Every year I do my own end of year survey - this is different to the one the school has me do. It is more about my style of teaching. Some students loved it when I "flipped" the class at one point this year while others really disliked it. Some said "tell me what to learn", some want all class discussions. The one thing that comes through loud and clear every year - no one method or tool suits every student. I think we as teachers need to remember this.

Margarita Finkel's picture
Margarita Finkel
Social media for e-learning & technology

Thank you Ben for this interesting conversation.
Regards,
Margarita

HumanImprint's picture
HumanImprint
High School Social Science Teacher

"Call me a fossil (I'm sure some will), but you can't effectively think critically about something BEFORE YOU'VE LEARNED IT. And the process of learning must sometimes be teacher-directed."

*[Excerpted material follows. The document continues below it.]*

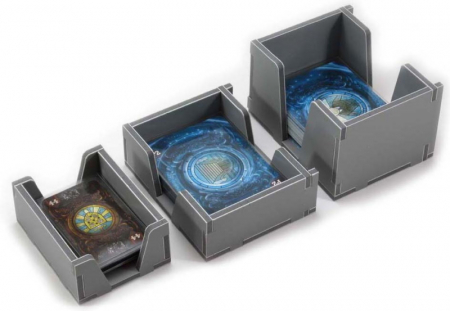 Insert Mysterium + Hidden Signs and Secrets & Lies Expansions [4]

Fossils leave the best impressions. I am a young teacher of 8 years, but what I do know and observe is that there is a fine line between lazy pedagogy and student centered learning. I also disagree with the title that good teachers do not teach. I consider myself to be a very good teacher, one that breaks information down and curates information that students can use to further the discussion.
I LECTURE! ALOT!
With that being said, my students are made a part of the conversation and for that, they walk away realizing that, "Hey, lectures are not all that bad after all." I get it all the time.

I have seen project based teachers try to implement this strategy and only end up frustrating the students because there are too many doors and little direction. To make project based learning meaningful and appropriate for every single kid in the class, the projects need to be approached as independent study, with different rubrics to grade the material AND content. I can not assess a student who makes an iMovie the same as one who makes a poster-board presentation.
I also think it is a bit of a utopia that you speak of in saying that every kid will WANT to be empowered with their education. I agree with Edwinivich when he/she said that content knowledge takes precedent, and is it so bad that we teach a kid how to sit and listen? I am not anti-project, but I do know that I have TOO much information to get through in a school year to even dream about making a majority of my lessons project based. I can just hear the complaints now from parents and kids alike, that projects did not help them on the test that they paid 90.00 for, because I wanted them to figure it out on their own. The logistics of providing 1:1 instruction in a classroom of 32+ is daunting!
I would love to hear your specific suggestions on how I can tackle the problem of not having 31 teacher's assistants in the room. And please, don't tell me to go read a book and figure it out on my own. Sometimes it is better if someone JUST TELL ME!